A person’s appetite for financial risk—in other words how conservative or aggressive they are—is generally thought to correlate with the amount of return they have when investing. Of course, more risk doesn’t always mean more reward. In fact, the more effective application of risk appetite is in understanding your personal risk tolerance and how that should apply to your investment strategy—not the other way around. Understanding your appetite for risk is an important factor in making decisions about your portfolio, especially during times of change and volatility in the market.
There are many different approaches to assessing your appetite for risk, all which vary significantly from person-to-person. However, there are three factors that should be considered across the board:
Time Horizon: This metric looks at the amount of time your money will be invested. The shorter your horizon, the less likely the market has time to correct itself to allow you to recoup any potential losses. That means that for shorter-term commitments—for example, in the event that an investor is looking to withdraw the money for a large purchase in the near future—it’s generally smarter to go with more conservative investment strategies. A longer time horizon, on the other hand, is conducive to riskier or more aggressive investment strategies, because the market can go through multiple fluctuations before that money needs to be accessed.
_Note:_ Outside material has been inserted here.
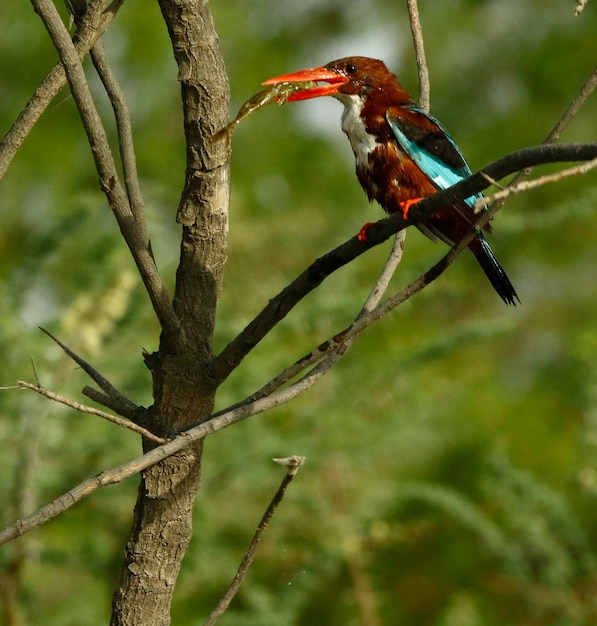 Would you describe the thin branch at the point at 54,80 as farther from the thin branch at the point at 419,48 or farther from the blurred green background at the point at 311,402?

Amount you have to risk: This is directly related to a person’s risk tolerance. Essentially, the more money you can afford to lose or, at the very least, tie up for a significant period of time, the higher your risk tolerance. It’s important to consider this in advance so that you avoid getting into a situation in which you have to sell off any stocks or investments, and get forced out of a position too early in order to have access to liquid funds.
The goal of the investment: What are your goals for your investments? This is a simple question that often gets overlooked. For many the goal is not to “beat the market” or raise as much money as possible. Some investors have a specific target in mind that correlates with a life goal, and targeting a specific return is often much more effective than trying to make the most money possible. Once you understand this, you may be better able to structure your investments with this knowledge in mind.
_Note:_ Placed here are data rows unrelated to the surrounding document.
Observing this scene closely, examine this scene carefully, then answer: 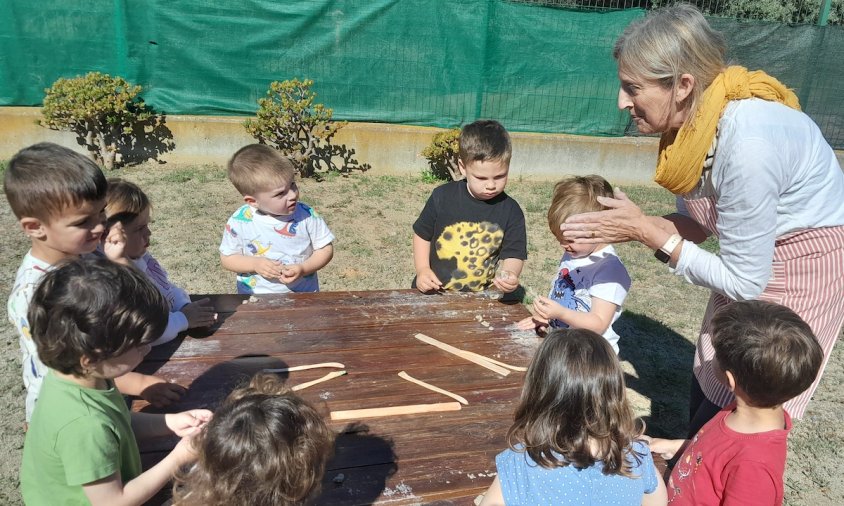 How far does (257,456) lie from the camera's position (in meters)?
1.45

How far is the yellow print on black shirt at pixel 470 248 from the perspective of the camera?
3520 millimetres

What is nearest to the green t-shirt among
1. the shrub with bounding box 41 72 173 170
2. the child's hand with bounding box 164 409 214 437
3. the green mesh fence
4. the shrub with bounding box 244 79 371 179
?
the child's hand with bounding box 164 409 214 437

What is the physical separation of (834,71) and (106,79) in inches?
410

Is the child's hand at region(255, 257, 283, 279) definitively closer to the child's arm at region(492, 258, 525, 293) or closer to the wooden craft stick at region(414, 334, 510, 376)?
the wooden craft stick at region(414, 334, 510, 376)

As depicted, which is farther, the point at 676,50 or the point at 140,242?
the point at 140,242

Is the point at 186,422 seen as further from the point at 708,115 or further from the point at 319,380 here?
the point at 708,115

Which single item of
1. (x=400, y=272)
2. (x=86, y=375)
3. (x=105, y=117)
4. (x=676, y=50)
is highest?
(x=676, y=50)

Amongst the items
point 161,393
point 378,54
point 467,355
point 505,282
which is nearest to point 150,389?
point 161,393

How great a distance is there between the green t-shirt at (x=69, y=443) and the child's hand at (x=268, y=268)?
1574mm

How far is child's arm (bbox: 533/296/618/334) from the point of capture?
280cm

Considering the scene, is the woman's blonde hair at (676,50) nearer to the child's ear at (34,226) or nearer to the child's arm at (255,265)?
the child's arm at (255,265)

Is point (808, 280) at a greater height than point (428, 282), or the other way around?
point (808, 280)

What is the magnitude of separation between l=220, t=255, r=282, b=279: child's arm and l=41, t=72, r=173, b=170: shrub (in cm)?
533

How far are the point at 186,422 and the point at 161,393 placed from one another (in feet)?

Of course, investors should also determine their personal comfort level with investing, as unrelated to the more tangible parameters of the time horizon and amount they have to risk. Even those with a relatively long time horizon and a significant amount to invest may find that they’re more comfortable doing so conservatively. In these instances, it becomes important to listen to your intuition because your relationship with your money is intensely personal. In considering your personal comfort, consider what keeps you up at night, and what you like or don’t like about your current financial situation. A proper assessment of your appetite for risk should take into account these very important factors, which are often a little more difficult to pin point.
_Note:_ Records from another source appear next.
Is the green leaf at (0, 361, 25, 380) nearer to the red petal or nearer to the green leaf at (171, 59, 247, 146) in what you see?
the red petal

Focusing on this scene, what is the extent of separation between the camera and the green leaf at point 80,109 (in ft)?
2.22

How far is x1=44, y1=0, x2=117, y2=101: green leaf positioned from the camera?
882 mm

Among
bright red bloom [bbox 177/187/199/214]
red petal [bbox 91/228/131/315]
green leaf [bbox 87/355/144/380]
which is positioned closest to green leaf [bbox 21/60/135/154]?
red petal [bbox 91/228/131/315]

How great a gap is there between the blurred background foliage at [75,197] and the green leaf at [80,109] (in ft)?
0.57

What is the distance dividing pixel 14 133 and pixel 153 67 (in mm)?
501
As such, a good financial advisor or wealth manager will want a comprehensive account of your past investment experiences—what types of accounts you’ve held and what types of investing you’ve done. Your previous behaviors in these situations will help advisors work in partnership with you to determine the best approach moving forward. For example, many investors who are of retirement age are looking for conservative investment strategies based on their shorter time horizon, so they focus on more conservative strategies like fixed hybrid annuities and moderately positioned securities. A younger investor with a longer time horizon and greater income, may invest more aggressively—again, dependent on his or her goals and appetite for risk.
If you want to know more about your own appetite for risk, there are plenty of resources that can provide more insight into this area, such as, this Investment Risk Tolerance Quiz developed by Rutgers University, or another assessment developed by CNBC’s Money Control. However, the best approach is probably to work with a professional advisor or investment expert who can evaluate your appetite for risk in conjunction with an extensive understanding of the industry and market.
No matter what your risk appetite, the world of financial investing has changed a good deal over the last decade. This changes people’s relationship to money and as advisors we have to be cognizant of that, because it is ultimately what controls investors’ comfort level and their perception of their own success. A crucial piece of this involves understanding each client’s appetite for risk.